↓
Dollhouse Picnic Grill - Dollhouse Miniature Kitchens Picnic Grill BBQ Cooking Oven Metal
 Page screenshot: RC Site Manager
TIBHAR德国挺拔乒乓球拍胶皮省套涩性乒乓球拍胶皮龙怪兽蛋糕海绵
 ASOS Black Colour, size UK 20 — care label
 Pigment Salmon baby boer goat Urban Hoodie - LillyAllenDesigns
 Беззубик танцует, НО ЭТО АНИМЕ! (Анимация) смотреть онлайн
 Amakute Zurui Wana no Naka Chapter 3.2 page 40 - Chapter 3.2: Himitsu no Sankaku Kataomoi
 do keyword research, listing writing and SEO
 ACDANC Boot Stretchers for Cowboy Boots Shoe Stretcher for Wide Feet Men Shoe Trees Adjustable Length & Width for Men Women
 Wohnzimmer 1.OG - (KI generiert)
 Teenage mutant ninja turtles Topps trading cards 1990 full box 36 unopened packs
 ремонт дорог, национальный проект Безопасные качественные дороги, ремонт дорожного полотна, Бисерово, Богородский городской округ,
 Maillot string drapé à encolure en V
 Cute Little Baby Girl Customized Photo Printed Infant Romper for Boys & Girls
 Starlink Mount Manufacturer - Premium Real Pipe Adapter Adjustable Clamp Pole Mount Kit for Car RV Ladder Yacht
↑
● Activity: Up to and including the line with "Teenage mutant ninja", reproduce the material above exactly as it appears, starting from its first line.

● Output of the exercise:
Dollhouse Picnic Grill - Dollhouse Miniature Kitchens Picnic Grill BBQ Cooking Oven Metal
 Page screenshot: RC Site Manager
TIBHAR德国挺拔乒乓球拍胶皮省套涩性乒乓球拍胶皮龙怪兽蛋糕海绵
 ASOS Black Colour, size UK 20 — care label
 Pigment Salmon baby boer goat Urban Hoodie - LillyAllenDesigns
 Беззубик танцует, НО ЭТО АНИМЕ! (Анимация) смотреть онлайн
 Amakute Zurui Wana no Naka Chapter 3.2 page 40 - Chapter 3.2: Himitsu no Sankaku Kataomoi
 do keyword research, listing writing and SEO
 ACDANC Boot Stretchers for Cowboy Boots Shoe Stretcher for Wide Feet Men Shoe Trees Adjustable Length & Width for Men Women
 Wohnzimmer 1.OG - (KI generiert)
 Teenage mutant ninja turtles Topps trading cards 1990 full box 36 unopened packs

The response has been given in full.